Solidários, acolhemos no Entroncamento várias centenas de ucranianos, entre os quais algumas dezenas de refugiados. Valorizamos muito tudo o que, por imperativo de humanidade, tem sido feito para acolher bem os refugiados. De resto, vêm valorizar ainda mais o carácter cosmopolita da nossa cidade, em que já vivem cidadãos de múltiplos países.

Quando, como em abril de 74, lembramos ser o povo “quem mais ordena” temos de saber ouvir essas vozes tão heterogéneas dos nossos concidadãos. Cumprir o desígnio democrático do 25 de abril exige hoje respostas a este desafio, sob pena de a democracia ceder ao discurso do ódio ao que é diferente, seja pela cor da pele, da etnia, da religião ou, simplesmente, da língua que se usa.

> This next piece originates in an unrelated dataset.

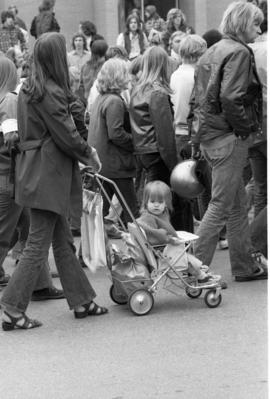 A woman marches, Day of Peace protest, St. Cloud State University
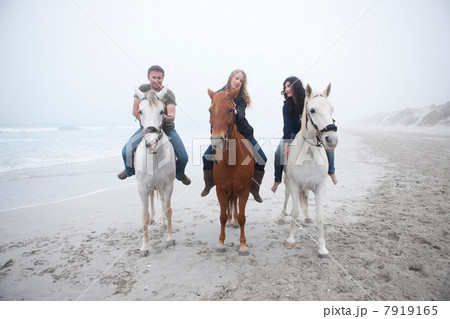 People riding horse on beach 7919165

Os discursos xenófobos e racistas, apontando as culpas ao que é diferente para esconder os verdadeiros culpados, encontram terreno sempre que a democracia não responde aos mais fundos anseios populares.

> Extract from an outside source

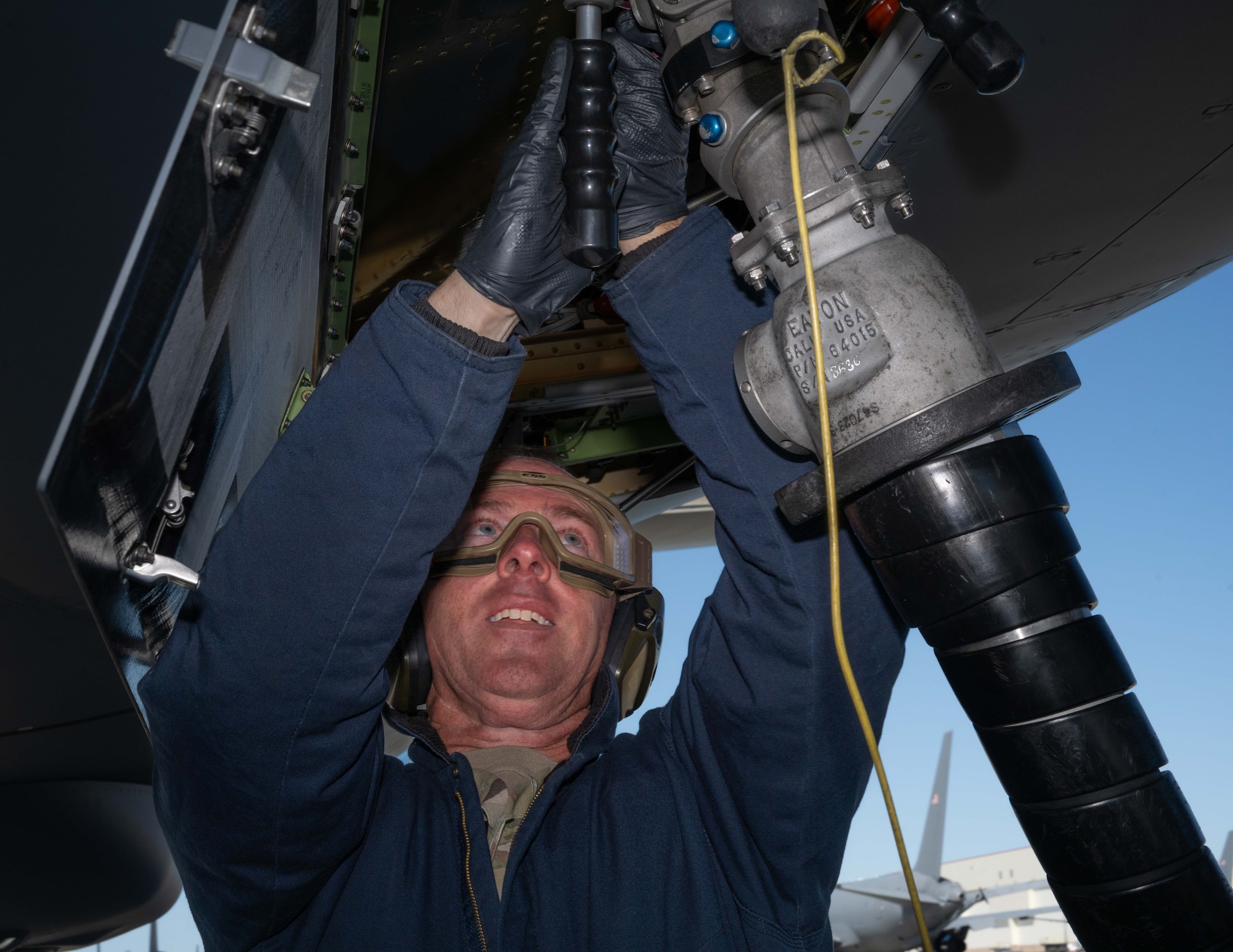 a U.S. Airman attaches a fuel hose to a KC-47 Pegasus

Valerá a pena recordar que o 25 de abril foi feito e a democracia institucionalizada para “promover o bem-estar e a qualidade de vida do povo e a igualdade real entre os portugueses”, para usar a fórmula constitucional.

Não é o que está a acontecer.

A austeridade agrava-se com o aumento generalizado dos preços provocado pela escassez de produtos, nomeadamente alimentares, a crise energética e a especulação. A erosão dos salários decorre do crescimento da inflação e da pressão da legislação laboral que favorece a precariedade, sobretudo dos mais jovens, condiciona a contratação coletiva e a atualização dos rendimentos do trabalho.

A necessidade de medidas de combate à especulação nos preços da energia e de bens essenciais coloca-se com urgência. O aumento de 6% este ano no Salário Mínimo Nacional está a ser anulado por uma inflação que já era de 3% antes da guerra e que no final do 1º trimestre já se aproximava dos 6%.

A atualização salarial prevista pelo Governo para a Função Pública situa-se em 0,9%, uma referência também para o setor privado, muito abaixo da inflação, o que determina uma perda dramática de poder de compra dos salários.

Em contrapartida, as empresas do PSI 20 cotadas na Bolsa fecharam 2021 com lucros na ordem dos 3,5 mil milhões de euros e pagaram aos acionistas dividendos recorde. Por imperativo de justiça social e por respeito aos ideais de abril, combater a carestia e o empobrecimento reclama aumentos dos salários e das reformas e pensões que, no mínimo, acompanhem a inflação. Impõe o congelamento dos preços dos bens essenciais e a tributação dos lucros extraordinários e especulativos das grandes empresas da energia e da distribuição comercial.

É preciso garantir hoje o respeito por quem trabalha ou trabalhou. Com os olhos no futuro! Tal passa necessariamente por mitigar as consequências das alterações climáticas também no plano local — seja no desenho urbano, nos transportes públicos ou na política de taxas municipais.

Nos combates de hoje, continuam a valer os sonhos de abril e as vozes da liberdade como a da poeta ucraniana Anna Akhmátova, quando há muitos anos escreveu

Que as novas gerações, tenham paz e vida longa.
As modernas e monumentais cidades,
Em homenagem às aldeias massacradas,
Marcarão o tempo a ferro e fogo.

Estaremos sempre solidários com todas as lutas que defendam a dignidade dos povos e a justiça social.

Com uma certeza: como nas jornadas de abril de 74 só uma ampla mobilização social travará o passo a retrocessos e manterá abertas as portas da esperança.

Viva o 25 de abril! Viva a Liberdade!”